The timing compounds the problem for US automakers. Detroit's EV pivot arrived late relative to Chinese and European competitors. Now, as tariffs tighten margins, capital investment in US EV production becomes less attractive relative to production outside tariff reach. Chinese manufacturers are capturing this window.
Tariffs are accelerating, not slowing, Chinese dominance
The assumption behind US EV tariffs is that they protect domestic manufacturing. The opposite is happening. Tariffs raise the cost of US production without making it more competitive globally. Automakers respond by moving production capacity to Mexico, Southeast Asia, or other jurisdictions outside tariff scope. Chinese OEMs, already operating at lower cost and higher volume, inherit the structural advantage.
Supply chain reorientation is not reversible in a single fiscal year. Once Tier 1 suppliers move investment to Mexico or Thailand, US capacity sits idle. Capital has already moved. The tariff wall, meant to protect Detroit, instead protects Chinese manufacturers from Detroit-based competition in third markets. US automakers end up competing on price in China's supply-chain ecosystem, not their own.

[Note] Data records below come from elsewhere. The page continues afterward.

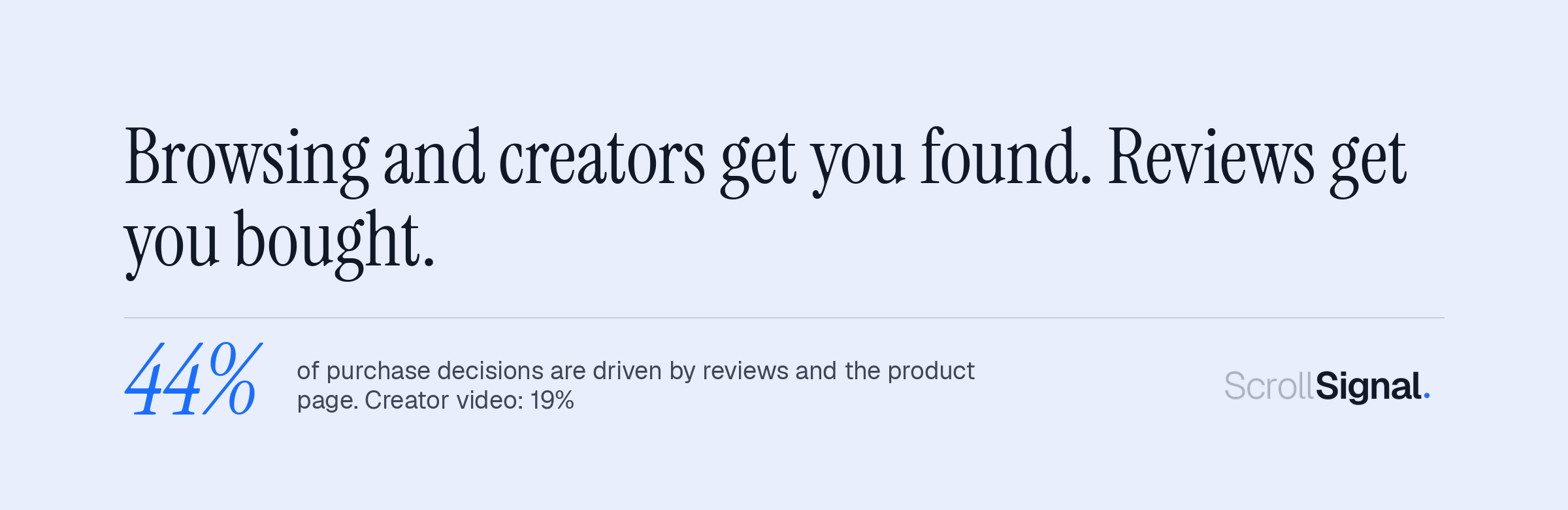 Browsing and creators get you found. Reviews get you bought. Reviews and product pages drive 44 percent of social purchase decisions, creator video 19 percent. From the Social Commerce Intelligence Report 2026.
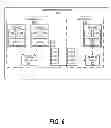 Fig. 07 - Distributed dynamic virtual machine configuration service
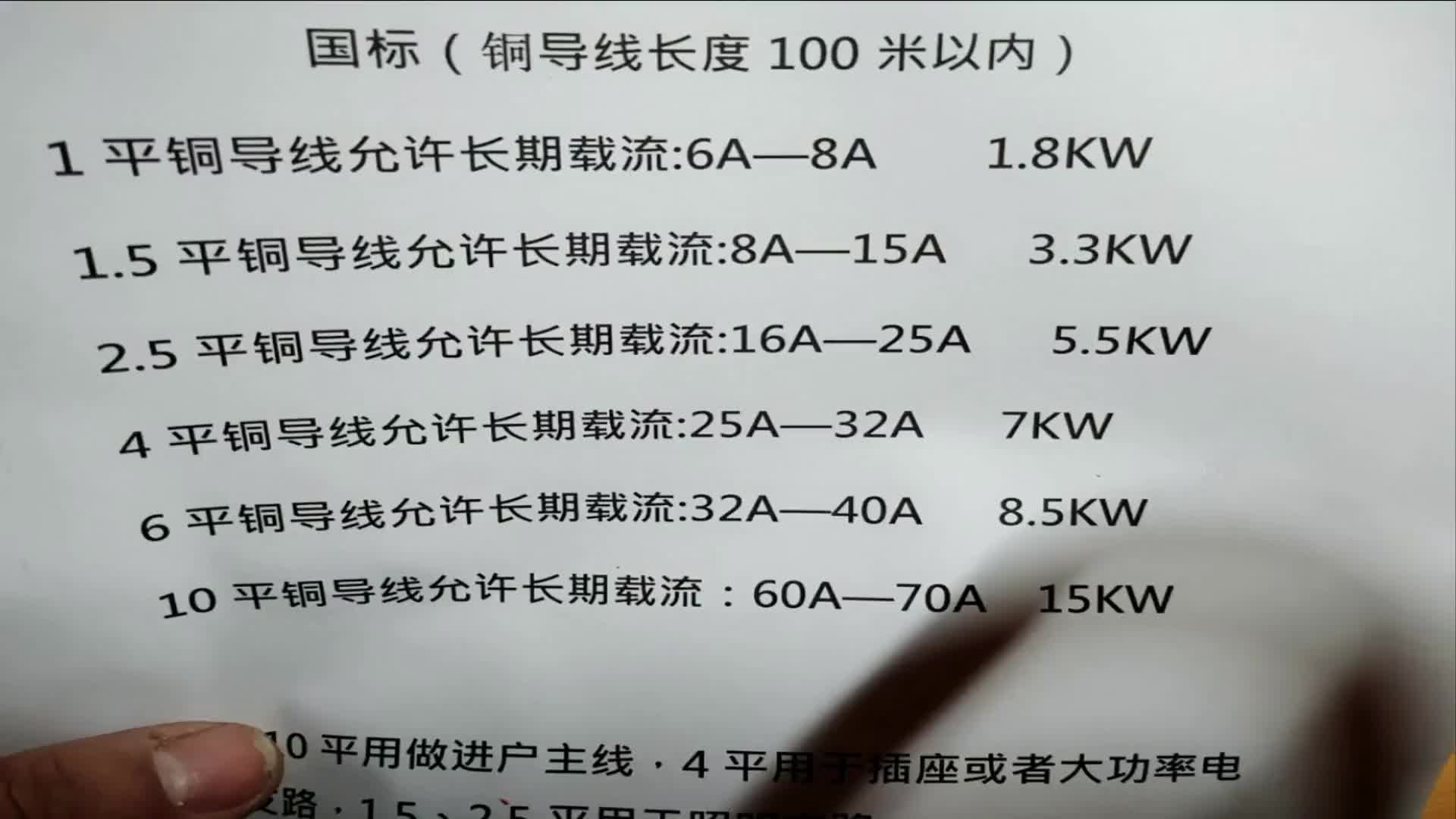 1、1.5、2.5、4、6、10平銅線的安全載流是多少？列個表送給你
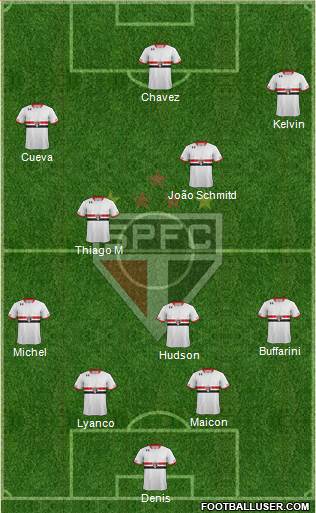 São Paulo FC Formation 2016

What to do now if you are in US auto supply
If you supply components to US OEMs or sit in the EV supply chain, your customer's margin is collapsing. Renegotiate contract terms before they do. If your customer moves production to Mexico or overseas, your US factory becomes a cost liability. Identify which of your own suppliers can move with you, which are tariff-stuck, and which you need to replace. Do not assume your customer will take the tariff hit. They will pass it downstream, then move production. Document your tariff exposure by component and by customer before the next earnings call, when suppliers will start disappearing.